The different experimental manipulations and conditions, comprising (1) the category monetary wins or losses (low, high, no), (2) electrocutaneous stimulation (no stimulation, stimulation), (3) participant’s choice (accept, reject), (4) outcome of the trials (participants got their choice, did not get their choice) were jointly coded as the factor ‘condition’. This joined coding incorporated the fact some experimental conditions always co-occurred (see Fig. 1E). For example, for the analysis of the pain ratings, only trials with electrocutaneous stimulation could be analyzed. For these trials with stimulation, the options “reject” and “did not get choice” were always co-occurring as well as the options “accept” and “got choice”. By combining these options within one condition factor, redundancies and overfitting of the model was avoided.

The condition in which participants rejected 0$ as a “win” coupled to the electrocutaneous stimulus, but did not get their choice was used as the control condition in the win trials.
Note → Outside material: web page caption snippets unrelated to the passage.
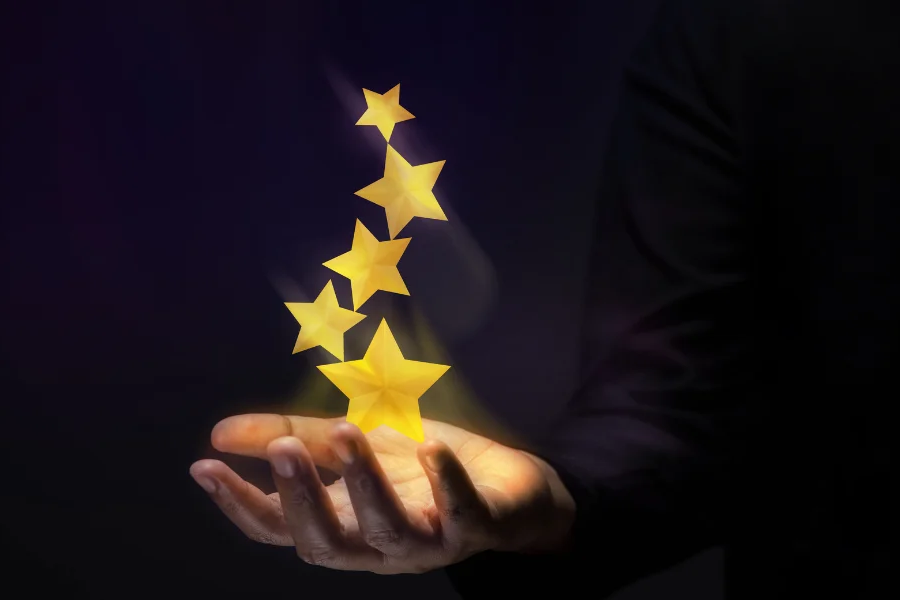 A close up of a man's hand holding five glowing floating stars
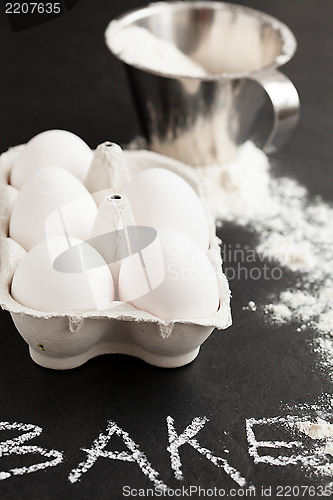 Image of Carton of eggs and flour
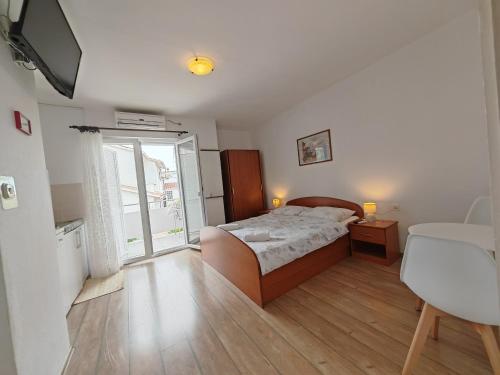 a bedroom with a bed and a large window at Apartments & Rooms Samohod in Vodice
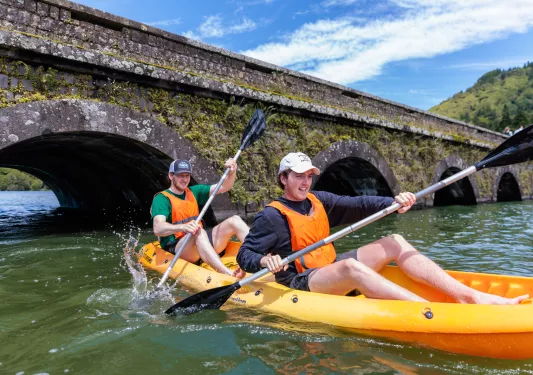 Two men on a kayak, paddling in a river by a bridge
In the lose trials, the condition in which participants accepted 0$ as a “loss” to avoid the electrocutaneous stimulus, but did not get their choice was used as the control condition (Fig. 1E).

Win and lose trials were analysed within separate statistical models. We did not aim to make direct comparisons between the two types of trials, because learning theory and findings on relief learning suggest that positive and negative reinforcement have different underlying mechanisms. Mixed model procedures were followed by post-hoc contrast calculations, when appropriate.

Analyses of subjective utility

To analyze whether subjective utility of the stimuli moderated perceptual effects and choice behavior in the decision-making task, an index of the integrated subjective utility of the electrocutaneous stimulation and the monetary reward was calculated. The subjective utility index was based on the lowest applied stimulation intensity participants rejected to receive 5 or 15 cents in Step 3 of the sensitivity assessment. Participants were ranked according to their index and the ranks from the assessment set using 5 cents and from the set using 15 cents were averaged for each participant. Higher values of the subjective utility index indicate that a participant was more motivated by the money in that she/he was willing to accept higher pain in order to obtain a reward. In turn, lower values indicate that a participant was more driven by the nociceptive stimuli.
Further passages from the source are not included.